Greatest hits album by Crystal Gayle
- Released: August 15, 1983
- Studio: Jack's Tracks (Nashville, TN)
- Genre: Country
- Length: 33:41
- Label: Columbia
- Producer: Allen Reynolds

Crystal Gayle chronology
| A Woman's Heart (1981) | Crystal Gayle's Greatest Hits (1983) | The Best of Crystal Gayle (1987) |

= Crystal Gayle's Greatest Hits =

Crystal Gayle's Greatest Hits is the fifth compilation album by American country singer Crystal Gayle. It was released on August 15, 1983, via Columbia Records, marking her first greatest hits album for the label. Recorded at Jack's Tracks Recording Studio and produced by Allen Reynolds, the compilation is composed of selected singles from the three studio albums she had released on Columbia.

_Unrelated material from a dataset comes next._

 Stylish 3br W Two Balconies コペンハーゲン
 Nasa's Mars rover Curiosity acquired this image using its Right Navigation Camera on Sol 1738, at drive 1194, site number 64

Domestically, the album peaked at number 169 on the Billboard 200 and number 23 on the Top Country Albums charts. On December 27, 1994, it was certified gold by the Recording Industry Association of America for the sales of 500,000 copies in the United States alone.

Professional ratings
Review scores
| Source | Rating |
| AllMusic | Star |

==Track listing==

- Notes
- Tracks 1, 3 and 10 are taken from Miss the Mississippi.
- Tracks 2, 8 and 9 are taken from These Days.
- Tracks 4 to 7 are taken from Hollywood, Tennessee.

| No. | Title | Writer(s) | Length |
|---|---|---|---|
| 1. | "Half the Way" | Bobby Wood; Ralph Murphy; | 4:03 |
| 2. | "If You Ever Change Your Mind" | Parker McGee; Bob Gundry; | 3:13 |
| 3. | "It's Like We Never Said Goodbye" | Roger Greenaway; Geoff Stephens; | 3:30 |
| 4. | "You Never Gave Up on Me" | Leslie Pearl | 3:08 |
| 5. | "Livin' in These Troubled Times" | Roger Cook; Philip Donnelly; Sam Hogin; | 3:13 |
| 6. | "Keepin' Power" | Cook; Wood; | 3:04 |
| 7. | "The Woman in Me" | Susan Marie Thomas | 2:28 |
| 8. | "Too Many Lovers" | Mark True; Ted Lindsay; Hogin; | 3:45 |
| 9. | "Take It Easy" | Delbert McClinton | 3:58 |
| 10. | "The Blue Side" | David Lasley; Allee Willis; | 3:15 |

==Charts==

| Chart (1983) | Peak position |
|---|---|
| US Billboard 200 | 169 |
| US Top Country Albums (Billboard) | 23 |

==Certifications==

| Region | Certification | Certified units/sales |
| United States (RIAA) | Gold | 500,000^{^} |
^{^} Shipments figures based on certification alone.